My quick notes about the "Versioning in an Event Sourced System" book by Greg Young (from his free, online version of 2017-06-13 at https://leanpub.com/esversioning/read).
This text is not to discuss Event Sourcing but to discuss how to version Event Sourced systems.
Over the years, I have met many developers who run into issues dealing with versioning, particularly in Event Sourced systems. This seems odd to me. As we will discuss, Event Sourced systems are in fact easier to version than structural data in most instances, as long as you know the patterns for how to version, where they apply, and the trade-offs between the options.
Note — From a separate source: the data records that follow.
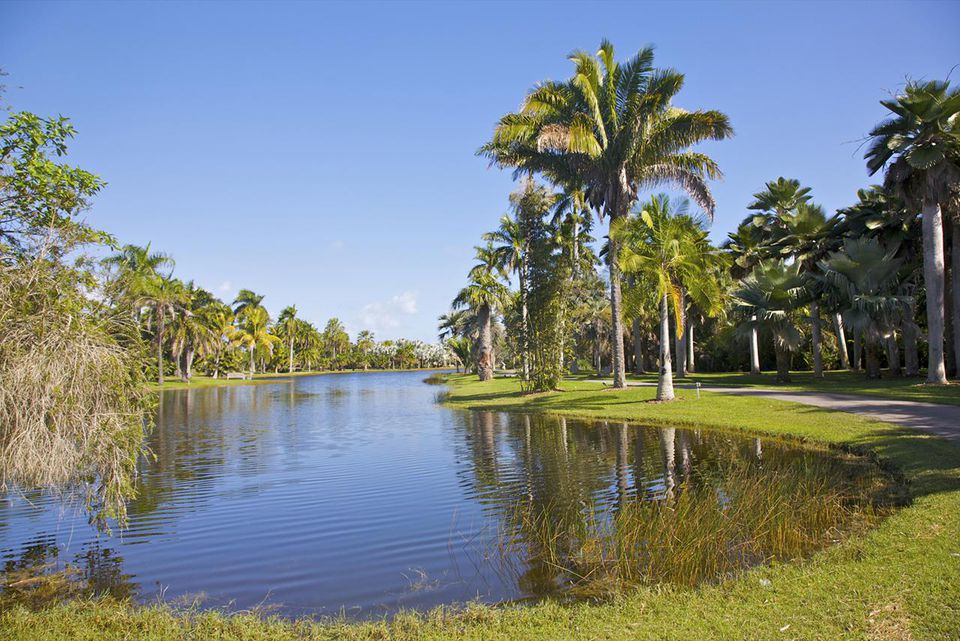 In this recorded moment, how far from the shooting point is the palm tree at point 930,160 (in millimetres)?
26078

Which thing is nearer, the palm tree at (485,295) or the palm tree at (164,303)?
the palm tree at (485,295)

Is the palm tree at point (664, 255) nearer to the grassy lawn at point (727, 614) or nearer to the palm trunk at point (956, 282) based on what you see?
the palm trunk at point (956, 282)

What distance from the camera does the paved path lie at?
1633cm

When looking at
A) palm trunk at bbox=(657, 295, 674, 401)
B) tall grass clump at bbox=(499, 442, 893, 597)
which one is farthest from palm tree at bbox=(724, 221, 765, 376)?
tall grass clump at bbox=(499, 442, 893, 597)

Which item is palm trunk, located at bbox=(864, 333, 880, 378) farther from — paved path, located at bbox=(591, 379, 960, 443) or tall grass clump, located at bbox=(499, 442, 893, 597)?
tall grass clump, located at bbox=(499, 442, 893, 597)

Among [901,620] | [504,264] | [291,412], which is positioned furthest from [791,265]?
[901,620]

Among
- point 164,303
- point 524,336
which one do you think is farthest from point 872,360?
point 164,303

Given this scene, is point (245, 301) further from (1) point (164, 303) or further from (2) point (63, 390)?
(2) point (63, 390)

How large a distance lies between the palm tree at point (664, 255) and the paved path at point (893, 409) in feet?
17.2

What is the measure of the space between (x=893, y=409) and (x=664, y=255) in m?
9.64

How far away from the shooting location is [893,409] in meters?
20.2

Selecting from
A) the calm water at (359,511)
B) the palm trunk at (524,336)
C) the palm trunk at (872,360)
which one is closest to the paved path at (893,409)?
the calm water at (359,511)

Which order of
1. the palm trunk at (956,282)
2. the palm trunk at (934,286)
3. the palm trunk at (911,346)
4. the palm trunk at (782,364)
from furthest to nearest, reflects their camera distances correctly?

It continues to amaze me that, with every architectural or data style, there always comes a central question that defines it. When looking at document databases, the question that defines them is, “How do I write these two documents in a transaction?”
This question is actually quite reasonable from the perspective of someone whose career has been spent working with SQL databases, but, at the same time, it is completely unreasonable from the perspective of document databases. If you are trying to update multiple documents in a transaction, it most likely means that your model is wrong. Once you have a sharded system, attempting to update two documents in a transaction has many trade-offs in terms of transaction coordination. It affects everything.
Similarly, there is also such a question for those coming into Event Sourcing and dealing with an Event Store: “Why can’t I update an event?”
Reasons to don't update:
- Immutability
- Consumers
- Audit log: Immutability is immutable. The moment you allow a single edit, everything becomes suspect.
- WORM drives (security)
- Crime
Given all the reasons why we may not want to be able to edit an event, the question before us is: how do we handle an Event Sourced system, given such constraints? How can we run on a WORM drive while keeping a proper audit log and retain the ability to handle changes over time? How can we avoid “editing an event”?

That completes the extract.